The All India Muslim Personal Law Board (AIMPLB) has decided to launch a “systematic movement to ensure that women get their share in property of their father”, according to the Board’s working committee.
In a statement issued Monday, the Board said many of its participants felt that although Sharia law gives women a fixed share in inheritance, in many cases they do not get this share. Similarly, they are often denied inheritance of share from their sons’ or husbands’ property, it stated.
The AIMPLB’s decision to look into the matter of women’s inheritance comes at a time when the Union Ministry of Minority Affairs has started looking into possible instruments to expedite cases of dispute of Waqf properties.

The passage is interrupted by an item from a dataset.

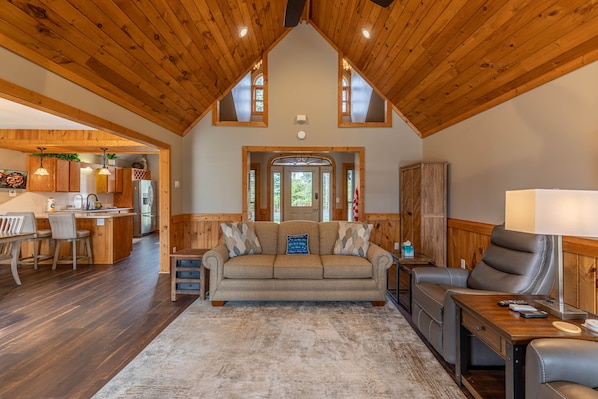 Televisión y chimenea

Sources in the ministry said while a wide range of disputes and issues related to Waqf properties and Waqf boards across the country were being scrutinised by the Centre, it is also studying the second provision of Waqf Act — Waqf-alal-aulad — created for a Wakif’s family or children and used as an instrument of succession.
“The issue with Waqf-alal-aulad is that it is for male descendants; women cannot be named in the deed of Waqf property,” an official said. “We have received representations from families where all children are daughters but the law doesn’t recognise their succession.” According to the official, this is a method often used to deny women and orphans their inheritance rights.

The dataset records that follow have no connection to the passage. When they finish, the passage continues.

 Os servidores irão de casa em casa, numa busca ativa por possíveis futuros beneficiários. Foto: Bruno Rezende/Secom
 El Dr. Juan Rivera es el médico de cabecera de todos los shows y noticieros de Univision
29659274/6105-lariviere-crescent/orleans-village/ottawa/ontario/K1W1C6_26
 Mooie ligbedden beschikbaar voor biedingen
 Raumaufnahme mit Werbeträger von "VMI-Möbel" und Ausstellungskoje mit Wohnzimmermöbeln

AIMPLB spokesperson S Q R Ilyas said the Board’s working committee has also realised that women face social problems such as female foeticide, dowry, late marriage, attacks on their dignity, exploitation at workplaces, domestic violence, among others. “The Board took notice of these matters and decided that special attention will be given to reform society from within,’’ he said.

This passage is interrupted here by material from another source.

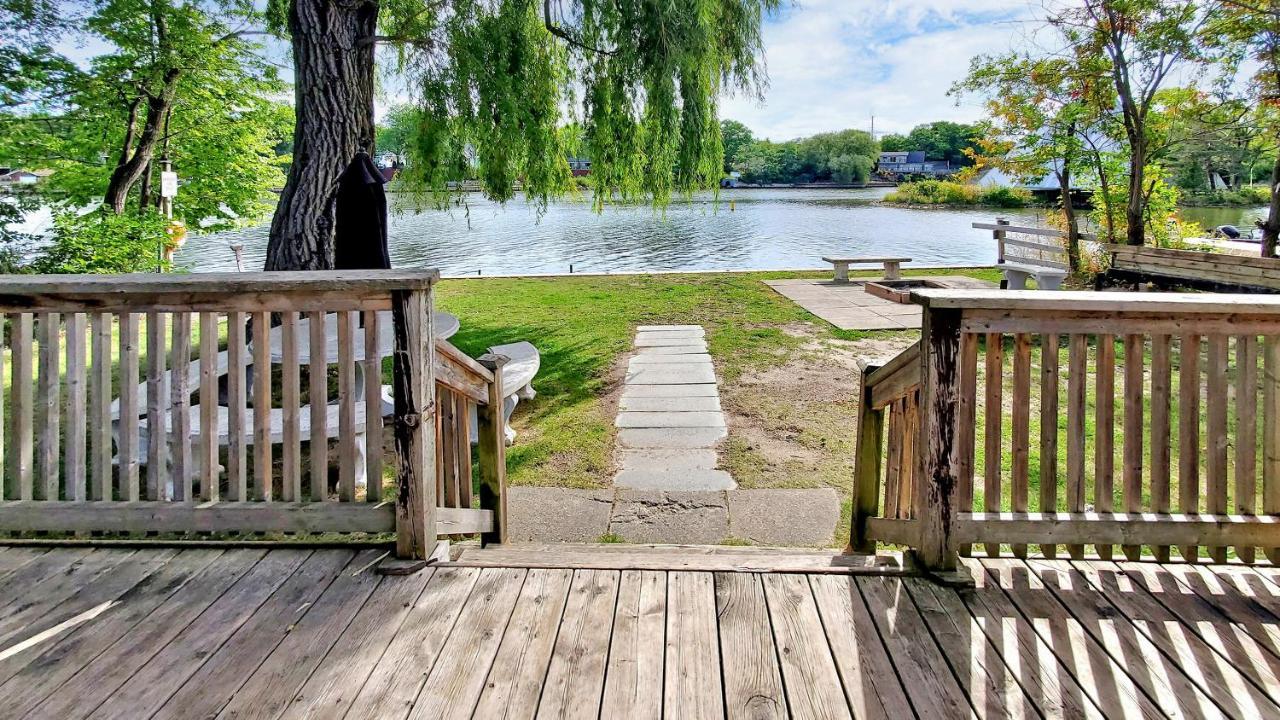 Main Beach River Retreat - Wasaga Beach 1 - Main Strip - 95 Mosley St Exteriör bild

The Board has set up three divisions headed by three secretaries — Maulana S Ahmad Faisal Rahmani, Maulana Md Umrain Mahfooz Rahmani, and Maulana Yasin Ali Usmani — as in-charge of such social reforms.
In July, the Ministry of Minority Affairs had announced its intent of a re-look at the Waqf Act after a meeting with Waqf board CEOs from 20 states highlighted the large number of disputes over Waqf properties — more than 58,000 complaints related to Waqf properties received, of which 18,426 cases were with Waqf tribunals. There are 165 cases related to Waqf disputes before the Supreme Court, and high courts across the country, ministry officials said.
According to officials, the sweeping powers given to state Waqf boards to declare a particular property as one belonging to the Waqf has contributed largely to the rise in litigation.
In its statement, the AIMPLB said, “The working committee expressed deep concern over the government’s crackdown [on] Wakf properties, criminal negligence of Wakf boards and cases filed against the Wakf Act in various high courts. It was decided that Waqf conferences will be organised in five major cities on the Shariah status of Wakf, threats to Wakf properties and possible remedial measures.”